A wire of resistance `20Omega` is stretched to thrice its original length.
What is the change in the resistivity of the wire?

To solve the problem, we need to understand the relationship between resistance, resistivity, length, and area of a wire. The resistance \( R \) of a wire is given by the formula: \[ R = \frac{\rho L}{A} \] Where: - \( R \) is the resistance, - \( \rho \) is the resistivity, - \( L \) is the length of the wire, - \( A \) is the cross-sectional area of the wire. ### Step 1: Understand the given data We are given: - Initial resistance \( R = 20 \, \Omega \) - The wire is stretched to three times its original length, so if the original length is \( L \), the new length \( L' = 3L \). ### Step 2: Analyze the effect of stretching on dimensions When a wire is stretched to three times its original length, its volume remains constant.

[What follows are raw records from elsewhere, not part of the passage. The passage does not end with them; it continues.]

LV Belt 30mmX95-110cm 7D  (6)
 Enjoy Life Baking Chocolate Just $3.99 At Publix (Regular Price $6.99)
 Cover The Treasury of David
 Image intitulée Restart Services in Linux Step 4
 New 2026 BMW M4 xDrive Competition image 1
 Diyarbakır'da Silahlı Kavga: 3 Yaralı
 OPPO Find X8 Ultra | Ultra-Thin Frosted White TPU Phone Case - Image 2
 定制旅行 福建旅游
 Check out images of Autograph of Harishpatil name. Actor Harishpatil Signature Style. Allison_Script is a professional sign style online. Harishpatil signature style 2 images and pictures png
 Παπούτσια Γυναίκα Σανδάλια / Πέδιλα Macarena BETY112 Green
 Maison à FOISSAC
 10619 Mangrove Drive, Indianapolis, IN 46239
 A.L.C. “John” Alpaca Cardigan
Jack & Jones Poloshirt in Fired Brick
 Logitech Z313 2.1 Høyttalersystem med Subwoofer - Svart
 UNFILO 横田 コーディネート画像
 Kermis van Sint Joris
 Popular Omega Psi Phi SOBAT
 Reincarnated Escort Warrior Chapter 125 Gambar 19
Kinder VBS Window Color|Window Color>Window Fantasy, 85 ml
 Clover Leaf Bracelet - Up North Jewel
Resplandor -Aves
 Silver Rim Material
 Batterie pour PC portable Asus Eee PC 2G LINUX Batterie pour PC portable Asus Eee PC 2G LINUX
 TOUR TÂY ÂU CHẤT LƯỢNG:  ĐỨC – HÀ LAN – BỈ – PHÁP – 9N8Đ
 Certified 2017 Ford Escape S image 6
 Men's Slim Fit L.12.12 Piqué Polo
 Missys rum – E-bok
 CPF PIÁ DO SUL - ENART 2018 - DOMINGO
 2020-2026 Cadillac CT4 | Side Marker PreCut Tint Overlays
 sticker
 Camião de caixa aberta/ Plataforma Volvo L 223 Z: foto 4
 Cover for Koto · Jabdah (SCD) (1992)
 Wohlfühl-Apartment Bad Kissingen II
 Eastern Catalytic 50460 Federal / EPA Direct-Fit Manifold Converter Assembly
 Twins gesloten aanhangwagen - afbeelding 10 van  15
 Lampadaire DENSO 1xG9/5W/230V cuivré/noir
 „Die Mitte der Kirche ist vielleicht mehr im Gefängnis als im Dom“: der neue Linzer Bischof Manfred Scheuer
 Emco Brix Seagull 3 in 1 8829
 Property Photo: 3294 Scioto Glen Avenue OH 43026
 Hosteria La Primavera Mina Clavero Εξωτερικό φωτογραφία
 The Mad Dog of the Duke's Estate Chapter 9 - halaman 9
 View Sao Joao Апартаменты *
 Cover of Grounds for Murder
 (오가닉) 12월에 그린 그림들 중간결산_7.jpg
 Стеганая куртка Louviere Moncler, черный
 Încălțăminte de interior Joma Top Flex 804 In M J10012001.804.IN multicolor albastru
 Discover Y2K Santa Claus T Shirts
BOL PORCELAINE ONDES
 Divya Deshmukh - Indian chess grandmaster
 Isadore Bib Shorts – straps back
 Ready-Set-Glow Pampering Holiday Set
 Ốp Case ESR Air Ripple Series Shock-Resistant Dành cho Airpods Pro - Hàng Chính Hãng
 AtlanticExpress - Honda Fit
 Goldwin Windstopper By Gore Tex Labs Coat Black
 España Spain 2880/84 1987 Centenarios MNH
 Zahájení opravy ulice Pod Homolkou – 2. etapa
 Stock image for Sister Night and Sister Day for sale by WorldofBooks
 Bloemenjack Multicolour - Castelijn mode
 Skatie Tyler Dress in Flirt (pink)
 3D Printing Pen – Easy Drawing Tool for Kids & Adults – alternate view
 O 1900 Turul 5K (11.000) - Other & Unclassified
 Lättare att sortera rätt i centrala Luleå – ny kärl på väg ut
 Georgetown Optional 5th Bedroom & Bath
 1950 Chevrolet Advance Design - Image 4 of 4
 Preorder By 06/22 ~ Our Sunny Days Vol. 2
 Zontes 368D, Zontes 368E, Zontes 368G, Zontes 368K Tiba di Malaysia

The volume \( V \) of the wire can be expressed as: \[ V = A \cdot L \] After stretching, the new volume \( V' \) is: \[ V' = A' \cdot L' = A' \cdot (3L) \] Since the volume remains constant, we can equate the two volumes: \[ A \cdot L = A' \cdot (3L) \] ### Step 3: Solve for the new area From the equation above, we can simplify to find the new area \( A' \): \[ A' = \frac{A}{3} \] ### Step 4: Calculate the new resistance Now, we can find the new resistance \( R' \) using the new length and area: \[ R' = \frac{\rho L'}{A'} = \frac{\rho (3L)}{(A/3)} = \frac{3\rho L \cdot 3}{A} = 9 \cdot \frac{\rho L}{A} = 9R \] Since the original resistance \( R = 20 \, \Omega \), the new resistance \( R' \) becomes: \[ R' = 9 \cdot 20 = 180 \, \Omega \] ### Step 5: Determine the change in resistivity However, resistivity \( \rho \) is a property of the material and does not change with the dimensions of the wire. Therefore, despite the changes in length and area, the resistivity remains constant. ### Conclusion The change in resistivity of the wire is: \[ \Delta \rho = 0 \]